> **Problem description**
Among the records below, find the line with "Roucas-Blanc House |" and the line with "Condutora perde controle". Set down both and every line between, exactly and with no pictures, but nothing else.

> **Provided material**
- - - - - - -

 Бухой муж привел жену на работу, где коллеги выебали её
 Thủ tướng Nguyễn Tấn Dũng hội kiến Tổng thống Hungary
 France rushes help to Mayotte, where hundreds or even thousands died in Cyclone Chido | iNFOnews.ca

- - - - - - -

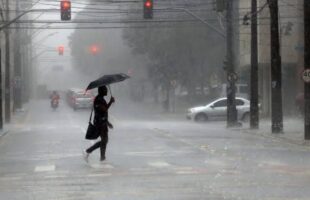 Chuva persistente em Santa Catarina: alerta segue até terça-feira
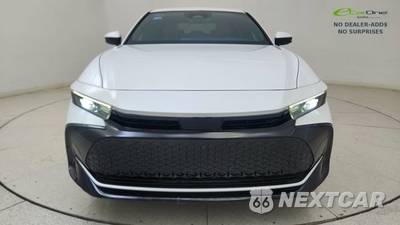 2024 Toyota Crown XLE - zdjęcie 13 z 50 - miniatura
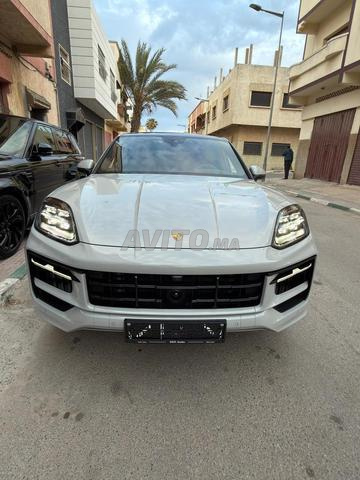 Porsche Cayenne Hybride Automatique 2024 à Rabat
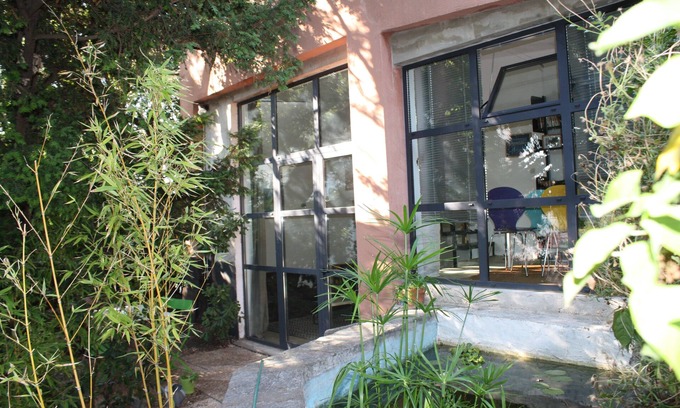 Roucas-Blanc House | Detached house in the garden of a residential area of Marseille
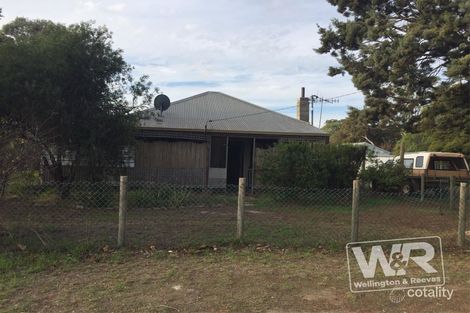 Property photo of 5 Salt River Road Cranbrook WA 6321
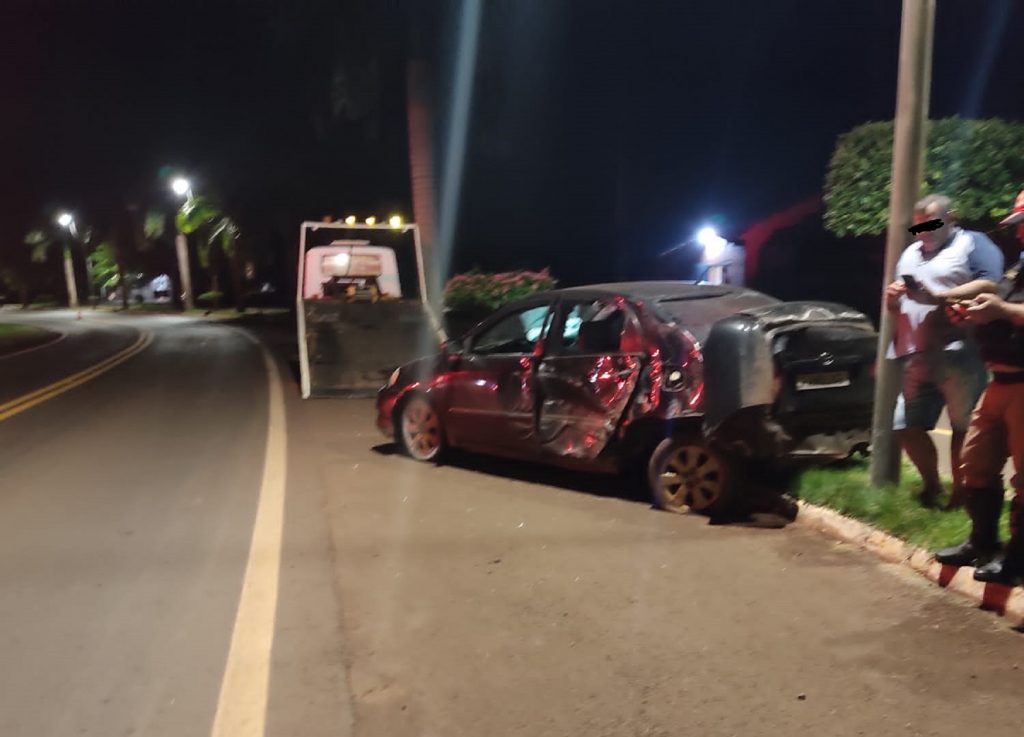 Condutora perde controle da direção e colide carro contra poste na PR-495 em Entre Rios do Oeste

- - - - - - -

> **Answer box**
 Roucas-Blanc House | Detached house in the garden of a residential area of Marseille
 Property photo of 5 Salt River Road Cranbrook WA 6321
 Condutora perde controle da direção e colide carro contra poste na PR-495 em Entre Rios do Oeste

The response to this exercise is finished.